Ever since mobile phones first appeared, well before they evolved into “smartphones,” public apprehension has existed regarding their signals potentially causing health issues. While numerous studies have generally indicated they are entirely safe, a high-profile report released in 2018 by the US National Toxicology Program reignited these concerns.
So, do phones actually pose a danger? A fresh, extensive international study, with its findings published by Oxford Academic, suggests the answer is definitively no.
In a coordinated experiment spanning multiple nations and covering various stages of the rats’ lives, researchers from South Korea and Japan found no significant correlation between prolonged exposure to mobile phone radiofrequency signals and the development of tumors in the brain, heart, or adrenal glands.
The results of the 2018 report caused a stir, and it wasn’t the sole study raising red flags. Radiofrequency radiation has been classified as “possibly carcinogenic” since 2011, the year the International Agency for Research on Cancer reviewed the field. Subsequent research, including work by the National Toxicology Program (NTP), intensified the scientific debate but has not yet resulted in reclassification.
But were those earlier findings reproducible?
The World Health Organization and other bodies called for independent verification. The Korean-Japanese collaboration answered this call.
Beginning in 2019, teams from the Electronics and Telecommunications Research Institute, Ajou University School of Medicine, the Korean Institute of Toxicology, and affiliated institutions in Japan initiated parallel experiments. They utilized the same rat strain, identical feed, shared exposure chambers, and the same protocols—largely modeled after the US study but concentrating on exposure levels that underpin human safety standards.
Each cohort, consisting of 70 male rats, was housed in reverberation chambers for 104 weeks, which approximates their entire lifespan. One group was subjected to radiofrequency radiation from 900 MHz CDMA signals at a power level of 4 watts per kilogram. A second group received sham exposure—under identical conditions, but without radiation. A third group was kept under standard control conditions.

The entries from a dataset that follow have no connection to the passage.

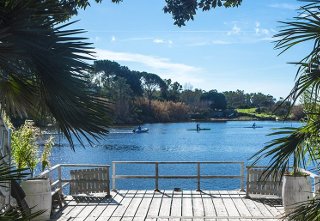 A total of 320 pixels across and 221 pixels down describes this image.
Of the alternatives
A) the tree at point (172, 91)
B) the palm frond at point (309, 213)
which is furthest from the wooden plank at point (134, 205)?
the tree at point (172, 91)

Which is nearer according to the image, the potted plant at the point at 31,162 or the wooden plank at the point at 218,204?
the potted plant at the point at 31,162

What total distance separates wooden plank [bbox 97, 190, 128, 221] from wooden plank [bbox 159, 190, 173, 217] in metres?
0.99

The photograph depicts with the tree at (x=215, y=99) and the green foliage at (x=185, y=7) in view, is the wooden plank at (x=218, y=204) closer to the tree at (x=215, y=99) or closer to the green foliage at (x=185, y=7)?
the green foliage at (x=185, y=7)

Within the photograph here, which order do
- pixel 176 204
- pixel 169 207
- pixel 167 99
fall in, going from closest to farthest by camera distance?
pixel 169 207
pixel 176 204
pixel 167 99

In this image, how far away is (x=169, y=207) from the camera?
10289 millimetres

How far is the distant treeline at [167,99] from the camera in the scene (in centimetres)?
9987

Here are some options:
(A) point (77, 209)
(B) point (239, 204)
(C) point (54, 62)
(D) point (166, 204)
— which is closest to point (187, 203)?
(D) point (166, 204)

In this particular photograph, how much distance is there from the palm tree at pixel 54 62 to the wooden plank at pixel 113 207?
7998 mm

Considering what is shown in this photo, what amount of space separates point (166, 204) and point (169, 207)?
1.14 feet

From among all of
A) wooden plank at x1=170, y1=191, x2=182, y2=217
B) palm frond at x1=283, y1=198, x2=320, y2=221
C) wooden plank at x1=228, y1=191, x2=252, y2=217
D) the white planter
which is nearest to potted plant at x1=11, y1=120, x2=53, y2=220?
the white planter

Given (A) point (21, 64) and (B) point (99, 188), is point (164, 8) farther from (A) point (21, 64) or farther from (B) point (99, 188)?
(B) point (99, 188)

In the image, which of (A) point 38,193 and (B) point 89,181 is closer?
(A) point 38,193

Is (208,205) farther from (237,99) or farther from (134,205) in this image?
(237,99)

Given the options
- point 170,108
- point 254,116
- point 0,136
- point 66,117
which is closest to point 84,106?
point 66,117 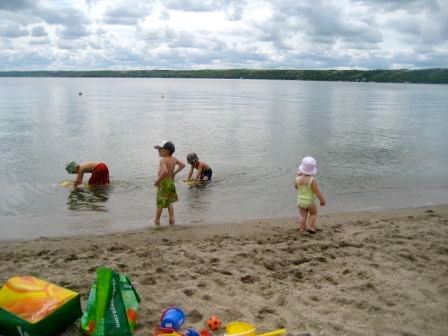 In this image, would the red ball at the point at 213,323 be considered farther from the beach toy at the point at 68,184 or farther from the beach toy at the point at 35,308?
the beach toy at the point at 68,184

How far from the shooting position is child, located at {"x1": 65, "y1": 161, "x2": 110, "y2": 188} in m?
13.8

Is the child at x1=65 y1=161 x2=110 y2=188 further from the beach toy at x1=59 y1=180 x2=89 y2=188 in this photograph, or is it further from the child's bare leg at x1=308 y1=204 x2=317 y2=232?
the child's bare leg at x1=308 y1=204 x2=317 y2=232

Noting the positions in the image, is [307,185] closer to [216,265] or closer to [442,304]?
[216,265]

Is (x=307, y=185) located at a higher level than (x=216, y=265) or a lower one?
higher

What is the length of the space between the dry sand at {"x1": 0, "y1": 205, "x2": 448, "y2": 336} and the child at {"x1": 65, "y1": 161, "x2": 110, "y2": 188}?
5.03 meters

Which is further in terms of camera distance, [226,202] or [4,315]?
[226,202]

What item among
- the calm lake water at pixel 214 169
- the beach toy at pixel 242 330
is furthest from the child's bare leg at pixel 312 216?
the beach toy at pixel 242 330

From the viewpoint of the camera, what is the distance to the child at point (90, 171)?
13766 millimetres

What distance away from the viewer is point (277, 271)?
670 cm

Upon the animals’ demise or the study’s conclusion, pathologists meticulously examined their organs, with independent evaluation conducted in both countries and confirmed by external experts.
The outcomes proved highly consistent. The incidence of tumors in the exposed rats was nearly identical to the rates observed in the control groups. Where tumors did appear, their frequency remained within normal background levels for that species. Professor Young-Hwan Ahn of Ajou University, the lead investigator of this research, succinctly summarized the findings: “The increase in tumors reported by the NTP was not observed at exposure levels underpinning human protection standards.”

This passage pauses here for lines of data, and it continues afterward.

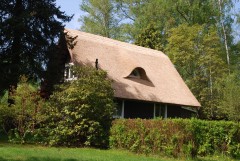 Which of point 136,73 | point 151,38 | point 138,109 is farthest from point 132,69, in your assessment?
point 151,38

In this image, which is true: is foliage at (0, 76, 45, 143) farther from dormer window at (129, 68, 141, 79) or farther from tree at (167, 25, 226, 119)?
tree at (167, 25, 226, 119)

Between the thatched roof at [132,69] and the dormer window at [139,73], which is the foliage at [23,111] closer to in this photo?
the thatched roof at [132,69]

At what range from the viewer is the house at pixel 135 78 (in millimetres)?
23625

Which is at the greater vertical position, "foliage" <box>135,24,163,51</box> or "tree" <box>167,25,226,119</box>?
"foliage" <box>135,24,163,51</box>

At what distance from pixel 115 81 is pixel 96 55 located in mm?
2465

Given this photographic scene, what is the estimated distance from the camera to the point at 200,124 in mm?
16094

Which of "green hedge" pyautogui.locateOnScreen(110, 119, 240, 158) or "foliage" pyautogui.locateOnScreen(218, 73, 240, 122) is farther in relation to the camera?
"foliage" pyautogui.locateOnScreen(218, 73, 240, 122)

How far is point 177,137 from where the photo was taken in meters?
14.6

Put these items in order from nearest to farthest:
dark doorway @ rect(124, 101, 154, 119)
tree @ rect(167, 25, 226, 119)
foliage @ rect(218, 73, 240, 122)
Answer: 1. dark doorway @ rect(124, 101, 154, 119)
2. foliage @ rect(218, 73, 240, 122)
3. tree @ rect(167, 25, 226, 119)

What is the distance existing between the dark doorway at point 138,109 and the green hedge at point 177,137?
7.26 meters

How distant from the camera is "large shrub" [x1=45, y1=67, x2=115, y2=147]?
17656 mm

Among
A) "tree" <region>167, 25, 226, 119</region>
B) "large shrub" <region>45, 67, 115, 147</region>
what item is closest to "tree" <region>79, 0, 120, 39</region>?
"tree" <region>167, 25, 226, 119</region>

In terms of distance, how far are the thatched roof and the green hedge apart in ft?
20.4

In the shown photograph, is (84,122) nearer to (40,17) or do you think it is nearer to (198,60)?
(40,17) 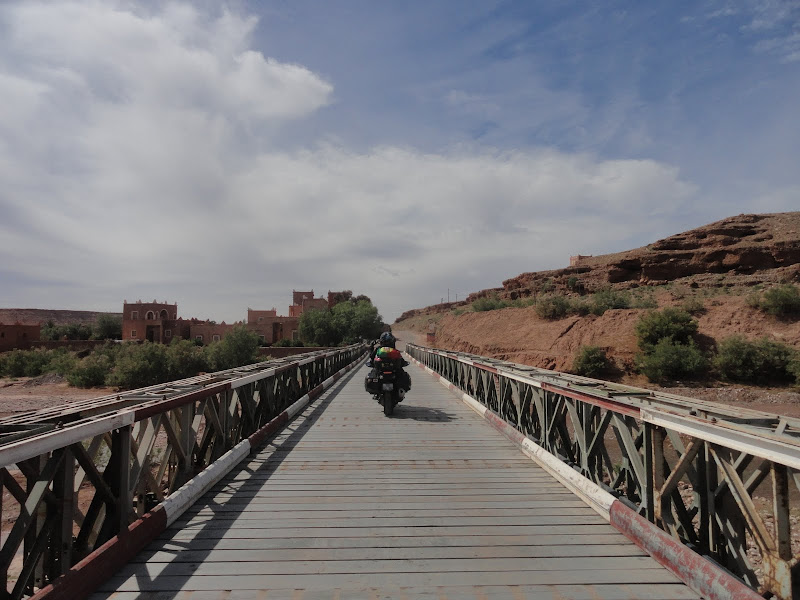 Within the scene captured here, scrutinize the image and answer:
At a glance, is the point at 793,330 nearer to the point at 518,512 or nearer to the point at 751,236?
the point at 518,512

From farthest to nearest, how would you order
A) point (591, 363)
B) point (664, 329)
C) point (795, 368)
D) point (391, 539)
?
point (664, 329)
point (591, 363)
point (795, 368)
point (391, 539)

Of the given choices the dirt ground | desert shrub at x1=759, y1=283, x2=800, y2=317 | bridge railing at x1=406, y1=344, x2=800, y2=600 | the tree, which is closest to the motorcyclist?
bridge railing at x1=406, y1=344, x2=800, y2=600

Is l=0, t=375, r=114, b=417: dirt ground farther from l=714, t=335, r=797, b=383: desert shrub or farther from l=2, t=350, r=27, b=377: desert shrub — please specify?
l=714, t=335, r=797, b=383: desert shrub

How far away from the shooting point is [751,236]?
60.5 m

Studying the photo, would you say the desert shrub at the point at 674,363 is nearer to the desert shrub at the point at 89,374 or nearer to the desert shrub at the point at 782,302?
the desert shrub at the point at 782,302

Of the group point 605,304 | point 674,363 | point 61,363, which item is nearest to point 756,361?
point 674,363

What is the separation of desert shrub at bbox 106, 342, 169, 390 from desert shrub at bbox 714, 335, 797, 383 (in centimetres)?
3709

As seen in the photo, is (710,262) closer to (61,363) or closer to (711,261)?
(711,261)

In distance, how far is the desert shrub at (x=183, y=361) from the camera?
40406 millimetres

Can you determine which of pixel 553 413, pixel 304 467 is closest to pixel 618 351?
pixel 553 413

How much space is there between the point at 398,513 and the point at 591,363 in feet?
79.0

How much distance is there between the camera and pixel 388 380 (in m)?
9.31

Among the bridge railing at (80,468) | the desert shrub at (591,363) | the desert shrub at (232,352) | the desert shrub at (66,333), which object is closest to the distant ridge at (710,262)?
the desert shrub at (591,363)

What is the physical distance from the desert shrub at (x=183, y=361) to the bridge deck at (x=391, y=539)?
38.6 metres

The new research does not negate earlier US findings, but it refines the scope of their implication.
As part of the National Toxicology Program, rats were exposed to radiofrequency radiation up to 6 watts per kilogram—exceeding typical human exposure from phones. The Korean-Japanese project focused on 4 watts per kilogram, which is deemed safe.

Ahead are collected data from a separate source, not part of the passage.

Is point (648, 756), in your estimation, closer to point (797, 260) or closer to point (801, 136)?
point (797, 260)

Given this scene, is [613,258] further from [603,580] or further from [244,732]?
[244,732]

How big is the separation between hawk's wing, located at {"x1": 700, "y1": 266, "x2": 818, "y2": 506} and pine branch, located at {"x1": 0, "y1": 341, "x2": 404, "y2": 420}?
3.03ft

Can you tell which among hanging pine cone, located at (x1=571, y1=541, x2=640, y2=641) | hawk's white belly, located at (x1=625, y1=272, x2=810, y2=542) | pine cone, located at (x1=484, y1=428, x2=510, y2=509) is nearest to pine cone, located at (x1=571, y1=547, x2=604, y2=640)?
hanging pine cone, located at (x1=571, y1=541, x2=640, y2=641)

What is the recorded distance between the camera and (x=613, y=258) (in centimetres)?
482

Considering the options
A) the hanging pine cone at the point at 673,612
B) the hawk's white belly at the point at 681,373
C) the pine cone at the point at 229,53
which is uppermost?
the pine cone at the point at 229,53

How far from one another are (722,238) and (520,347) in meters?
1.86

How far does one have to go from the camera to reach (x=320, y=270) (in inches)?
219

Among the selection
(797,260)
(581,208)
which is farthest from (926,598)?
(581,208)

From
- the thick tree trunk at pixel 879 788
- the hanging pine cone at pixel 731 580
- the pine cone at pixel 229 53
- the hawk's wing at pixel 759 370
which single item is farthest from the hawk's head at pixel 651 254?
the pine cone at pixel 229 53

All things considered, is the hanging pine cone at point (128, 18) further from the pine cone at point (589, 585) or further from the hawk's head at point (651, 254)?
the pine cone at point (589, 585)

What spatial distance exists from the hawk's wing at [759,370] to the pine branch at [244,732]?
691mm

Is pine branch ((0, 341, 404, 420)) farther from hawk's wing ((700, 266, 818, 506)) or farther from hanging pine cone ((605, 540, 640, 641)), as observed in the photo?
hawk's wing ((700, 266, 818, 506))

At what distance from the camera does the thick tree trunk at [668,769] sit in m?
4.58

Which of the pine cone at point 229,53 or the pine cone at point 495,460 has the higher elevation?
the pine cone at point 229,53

At this level, researchers identified no statistically significant rise in tumor counts or any measurable genotoxic effects, including within sensitive tissues like the brain and heart. This implies that current safety limits are sensible and effectively protective.
Young-Bum Kim, who oversaw the pathological analysis at the Korean Institute of Toxicology, emphasized the precautions embedded in the work. “Objectivity in the pathological assessment was ensured through mutual verification by experts from both nations and international independent expert review,” he stated.
In this large-scale, strictly controlled experiment, using exposure levels consistent with existing safety benchmarks, no evidence emerged suggesting that mobile phone radiofrequency signals cause cancer in rats.
Research efforts are ongoing. Emerging technologies, including 5G, present more complex exposure scenarios. The Korean team has already announced plans for follow-up investigations.
After many years of uncertainty, scientists subjected one of the most persistent public fears to an exceptionally rigorous test—and this time, the evidence did not support it.